Il était 13h25, à Redon, heure du début de la chevauchée, quand la Grande Boucle se figea quelque peu. En peloton regroupé, les 177 coureurs rescapés encore en course, avec au premier rang les principaux leaders – Mathieu van der Poel en jaune, Julian Alaphilippe en vert – venaient d’avaler à allure très modérée les neuf premiers kilomètres fictifs, traditionnel défilé destiné à saluer le public. Arrivés au départ réel (km 0), les coureurs, visiblement peu unanimes sur la démarche à suivre, continuèrent leur chemin, avant de s'arrêter quelques centaines de mètres plus loin, à l'initiative du sprinteur Andre Greipel. Pied à terre mais sans descendre de vélo, ils stationnèrent à l'arrêt une minute, puis reprirent leur marche en avant. Bref geste de protestation. Radio Tour nous informait: «Les coureurs demandent qu'un dialogue sur la sécurité s'instaure avec toutes les parties prenantes du cyclisme.» L’extension de la règle dite «du gel des temps» dans les trois derniers kilomètres des arrivées seraient en négociation.

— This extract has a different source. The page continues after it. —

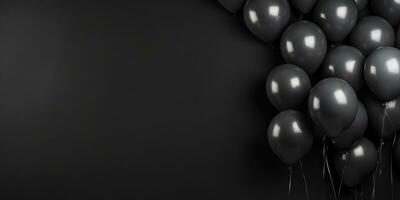 black balloons on a black background, with space for text. The banner is black. Generative AI photo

Nous apprîmes alors que, au matin, l’idée d’une grève avait été débattue entre certaines instances, dont l’association des Cyclistes Professionnels Associés (CPA). Celle-ci fut finalement abandonnée, sans que nous ne connaissions très bien la nature – réelle ou non – des discussions. Via un communiqué, le CPA expliqua néanmoins que les coureurs s’interrogeaient «sur les mesures à prendre pour souligner le manque d'attention sur les problèmes liés à la sécurité». Soulignant toutefois «le respect» qu’ils exprimaient «envers leur sponsor, leurs groupes sportifs, les organisateurs et le public», ces derniers annonçaient qu’«ils exerceront leur métier de coureurs cyclistes professionnels dès aujourd’hui». La pseudo révolte restait sur la grève.

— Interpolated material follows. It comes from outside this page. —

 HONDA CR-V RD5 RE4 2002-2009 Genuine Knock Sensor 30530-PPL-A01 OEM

Une évidence s’imposait à toute force: si les conséquences de ces méchantes culbutes multifactorielles se constataient déjà dans les classements (Roglic et Thomas relégués, Pogacar retardé, Ewan éliminé des sprints après son abandon), celles-ci se paieront d’ici la haute montagne. Voilà pourquoi, ce mardi, nous guettâmes d’un œil attentif les moindres signes susceptibles d’accréditer la thèse: le cyclisme devient-il trop dangereux? Derrière deux échappés (Van Moer et Périchon), nous assistâmes au spectacle assez classique d’une cavalcade vers un sprint massif, avec ce stress indescriptible de la vitesse, ces spectateurs, ces topographies «modernes» des villes, sans parler de ces directeurs sportifs qui hurlent dans les oreillettes de nos forçats, etc. Pas de drame cette fois. Juste le triomphe du Britannique Mark Cavendish, le revenant de 36 ans (DQT), qui vint signer la trente-et-unième victoire de sa carrière sur la plus grande course du monde.

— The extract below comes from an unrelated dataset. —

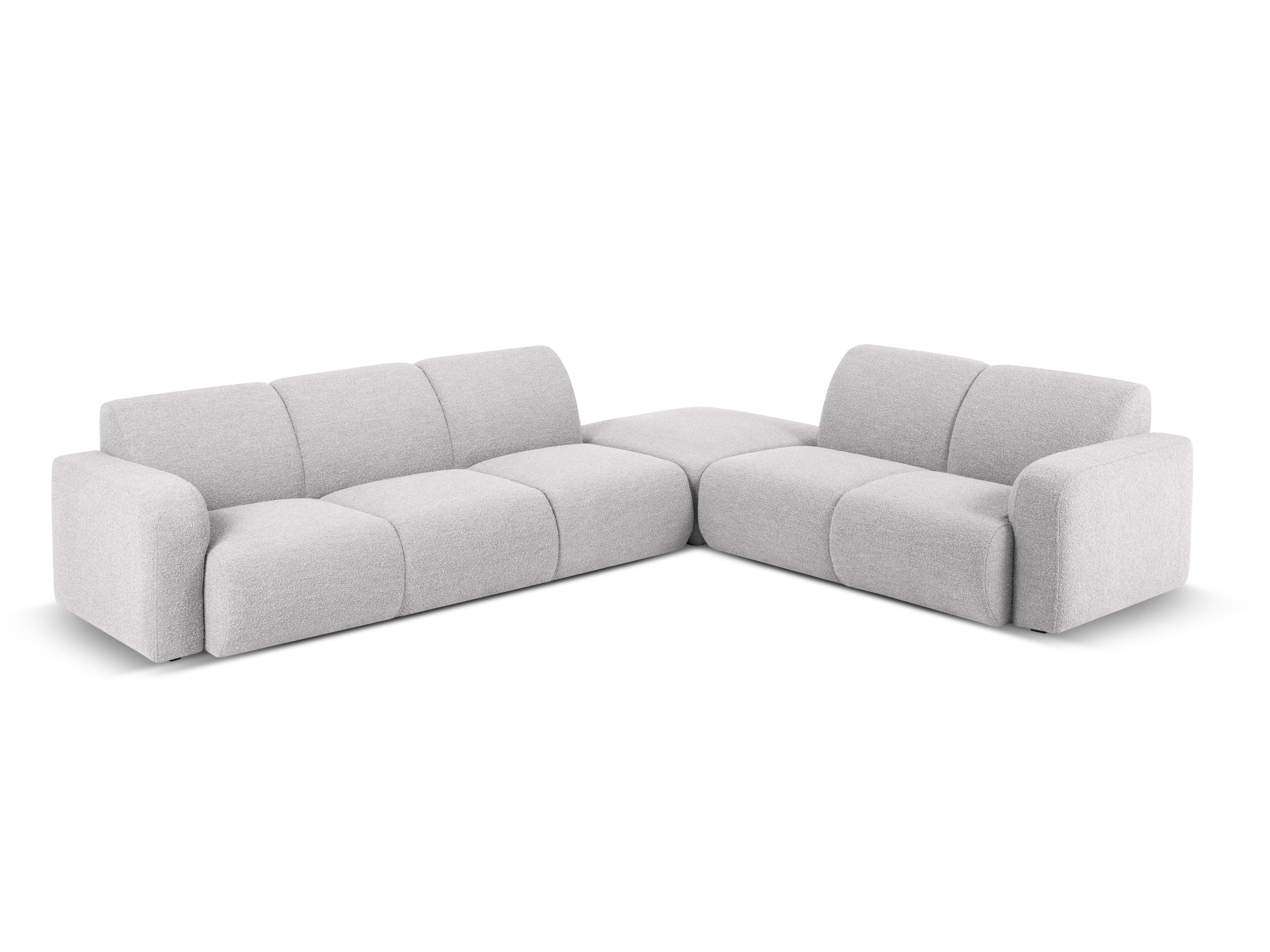 Narożnik prawostronny w tkaninie boucle 6-osobowy LOLA jasnoszary Windsor & Co Eye on Design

Face aux événements antérieurs, le boss du Tour, Christian Prudhomme, voulut tempérer. «Les parcours sont tracés et conçus par des anciens cyclistes, vous imaginez bien qu’ils ne souhaitent pas envoyer des coureurs à terre, disait-il. Je suis persuadé que même sur un circuit de F1 ou de moto, il y aurait des chutes.» Le directeur technique de l’épreuve, Thierry Gouvenou, ajoutait: «Maintenant, beaucoup trop d’équipes veulent rouler devant. Un leader a besoin de six ou sept équipiers, et tous roulent ensemble, en groupe, cela crée des bouchons et potentiellement des chutes, quand l’envie te fait dépasser la prise de conscience… On n’a plus aucune ville moyenne sans îlot, giratoire ou rétrécissement. Il y a dix ans, il y avait 1100 points dangereux sur trois semaines. Cette année, on sera à 2300. Si le niveau d’exigence devient trop important, on n’aura plus d’arrivée. On en est là…» Le Tour demeure ce monde en miniature qui engendre des événements à sa démesure. Et des controverses, aussi.